DPYD*2A is one of four "high-priority" DPYD variants routinely tested before fluoropyrimidine therapy. The other three are rs55886062 (DPYD*13, c.1679T>G), rs67376798 (c.2846A>T), and rs75017182 (HapB3 haplotype). Each contributes additively to DPD deficiency. Approximately 0.07% of patients are compound heterozygotes, carrying two different DPYD risk variants simultaneously. In compound heterozygous states (e.g., *2A plus c.2846A>T), the combined enzyme deficiency may approach homozygous levels, requiring fluoropyrimidine avoidance rather than dose reduction. If testing reveals multiple DPYD variants, discuss with your oncology team immediately — this dramatically changes dosing strategy.

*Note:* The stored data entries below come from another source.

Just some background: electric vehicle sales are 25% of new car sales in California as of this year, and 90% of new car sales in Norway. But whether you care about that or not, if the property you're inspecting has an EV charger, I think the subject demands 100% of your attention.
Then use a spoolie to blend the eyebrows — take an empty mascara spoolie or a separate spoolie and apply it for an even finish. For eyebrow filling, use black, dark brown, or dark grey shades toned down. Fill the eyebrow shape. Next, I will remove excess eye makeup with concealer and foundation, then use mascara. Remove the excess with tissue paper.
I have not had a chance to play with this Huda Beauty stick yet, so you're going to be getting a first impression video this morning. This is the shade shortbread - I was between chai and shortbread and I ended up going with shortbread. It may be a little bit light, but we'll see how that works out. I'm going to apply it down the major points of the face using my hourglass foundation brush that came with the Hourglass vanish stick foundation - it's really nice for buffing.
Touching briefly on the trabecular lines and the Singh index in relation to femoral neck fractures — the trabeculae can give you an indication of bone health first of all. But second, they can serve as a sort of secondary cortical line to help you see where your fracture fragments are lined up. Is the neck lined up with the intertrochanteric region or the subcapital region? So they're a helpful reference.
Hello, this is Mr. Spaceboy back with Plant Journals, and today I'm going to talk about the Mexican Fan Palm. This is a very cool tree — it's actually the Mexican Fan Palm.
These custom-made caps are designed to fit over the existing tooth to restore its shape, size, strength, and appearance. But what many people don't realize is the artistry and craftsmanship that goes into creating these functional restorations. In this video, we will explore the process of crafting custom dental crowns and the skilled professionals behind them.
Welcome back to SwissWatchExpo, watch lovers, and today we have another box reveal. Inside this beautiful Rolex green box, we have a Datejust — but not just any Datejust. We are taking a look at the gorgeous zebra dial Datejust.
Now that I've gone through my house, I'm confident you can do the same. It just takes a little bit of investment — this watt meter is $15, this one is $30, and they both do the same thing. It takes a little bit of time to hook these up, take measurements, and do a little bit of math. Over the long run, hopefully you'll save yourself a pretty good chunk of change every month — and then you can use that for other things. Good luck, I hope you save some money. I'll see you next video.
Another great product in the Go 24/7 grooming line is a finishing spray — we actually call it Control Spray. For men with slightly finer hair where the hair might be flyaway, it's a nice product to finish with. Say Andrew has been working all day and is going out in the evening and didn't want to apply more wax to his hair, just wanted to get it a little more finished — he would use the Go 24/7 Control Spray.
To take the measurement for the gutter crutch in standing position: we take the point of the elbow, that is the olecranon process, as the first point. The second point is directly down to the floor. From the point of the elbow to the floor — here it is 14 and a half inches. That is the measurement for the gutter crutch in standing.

Some cancer centers also test for rare variants like c.557A>G (more common in individuals of African ancestry) or perform DPYD sequencing to capture novel loss-of-function mutations. While *2A, *13, c.2846A>T, and HapB3 account for the majority of predicted DPD deficiency, additional variants continue to be discovered.

Drug Interactions

fluorouracil (5-FU) increased_toxicity CPIC

capecitabine increased_toxicity CPIC

tegafur increased_toxicity CPIC

Genotype Interpretations

What each possible genotype means for this variant:

GG “Normal Metabolizer” Normal

Normal DPD enzyme activity — standard fluoropyrimidine dosing is safe

You have two normal copies of the DPYD gene, which means your body produces fully functional dihydropyrimidine dehydrogenase (DPD) enzyme at normal levels. DPD breaks down fluoropyrimidine chemotherapy drugs at the expected rate. Approximately 99.5% of people of European descent share this genotype. If you require treatment with 5-fluorouracil, capecitabine, or tegafur, standard dosing protocols are appropriate and safe for you.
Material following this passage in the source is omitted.